De hecho, existen excelentes posibilidades de desarrollo de las tecnologías basadas en la energía solar, la del carbón sin emisiones contaminantes y la de una energía nuclear segura y fiable. La energía solar representa, aproximadamente, 10.000 mil veces nuestra actual utilización de la energía. Aprovechamos esa energía solar de muchas formas fundamentales –producción de alimentos, energía eólica, energía hidroeléctrica, calefacción solar, electricidad de origen solar-térmico, placas solares-, pero las posibilidades de una utilización mucho mayor de la barata, sobreabundante y medioambientalmente inocua energía solar son enormes.

El carbón, como la energía solar, es sobreabundante. Aunque es barato, es sólido, no líquido, contamina gravemente y emite gases que producen el efecto de invernadero. No obstante, se pueden resolver todos esos problemas, sobre todo si hacemos las inversiones necesarias en materia de investigación e innovación. La gasificación del carbón permite la eliminación de los contaminantes peligrosos y ya se puede convertir el carbón en gasolina de bajo costo; una compañía sudafricana está empezando a llevar esa tecnología a China en gran escala.

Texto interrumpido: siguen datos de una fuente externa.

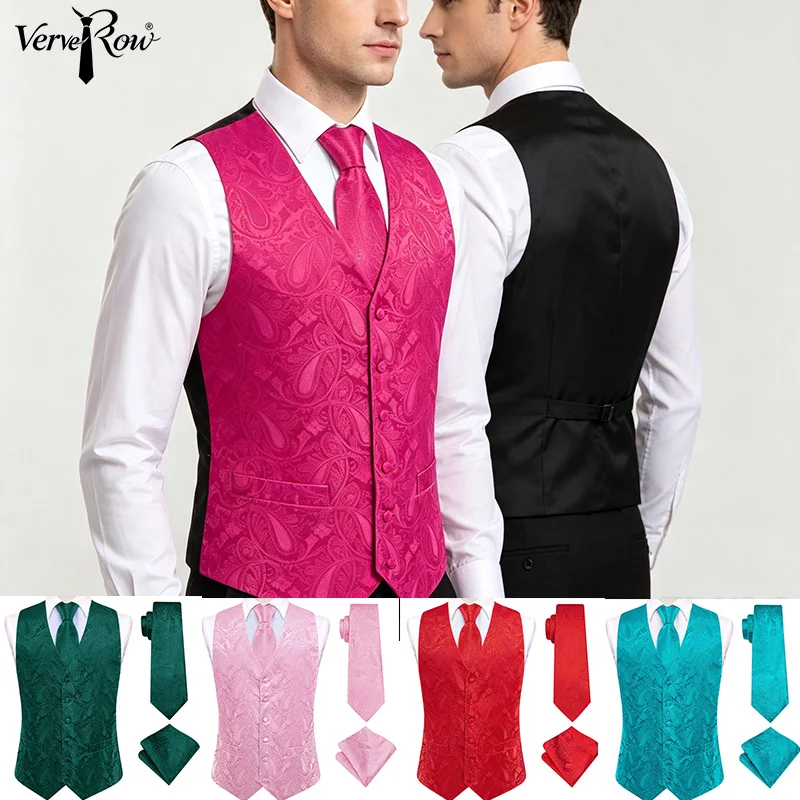 VerveRow Men Paisley Jacquard Waistcoat 3PCS Set Formal Suit Vest with Necktie and Pocket Square for Wedding Party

La energía nuclear, tanto la de fisión como la de fusión, es otra posibilidad de obtención de una energía primaria fiable, segura y medioambientalmente inocua. También en este caso existen obstáculos técnicos, pero parecen superables. Naturalmente, también hay importantes consideraciones políticas y en materia de reglamentación y seguridad, que se deben abordar adecuadamente.

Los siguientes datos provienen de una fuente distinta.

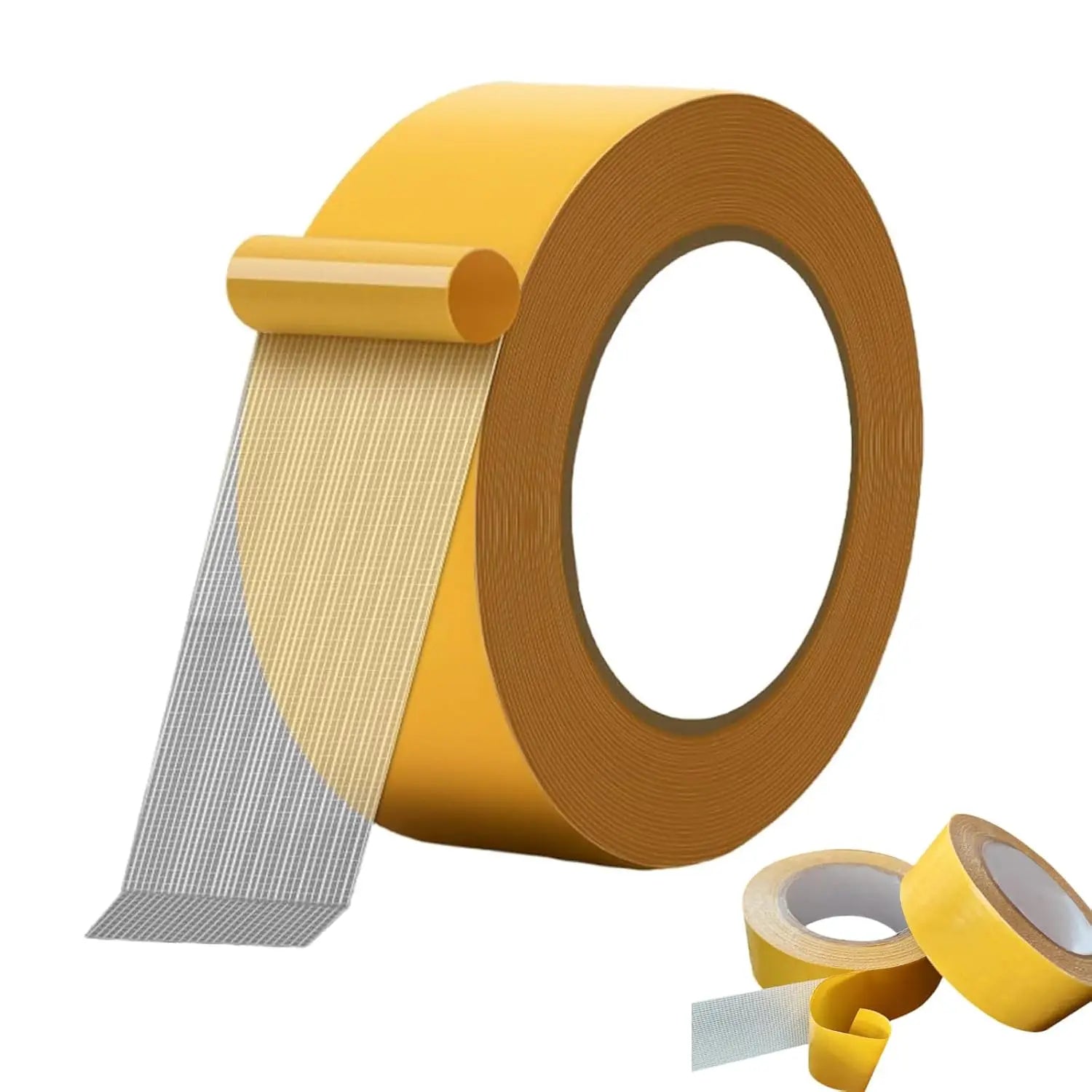 3cm Wide*10m Long Yellow Double-Sided Mesh Tape Waterproof, Strong Adhesion Tearable Double-Sided Tape Used For Carpet Floor Oasis Select Yellow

Resulta irónico que un gobierno centrado fijamente en los riesgos para el petróleo del Oriente Medio haya optado por gastar centenares de miles de millones –y en potencia billones– de dólares para aplicar planteamientos militares fracasados a problemas que se pueden y se deben resolver a un costo inmensamente menor, mediante la investigación y la innovación, la reglamentación y los incentivos del mercado. La mayor crisis energética de todas está relacionada, al parecer, con la energía de una política exterior de los Estados Unidos erróneamente encaminada hacia la guerra, en lugar de hacia el descubrimiento científico y el progreso tecnológico.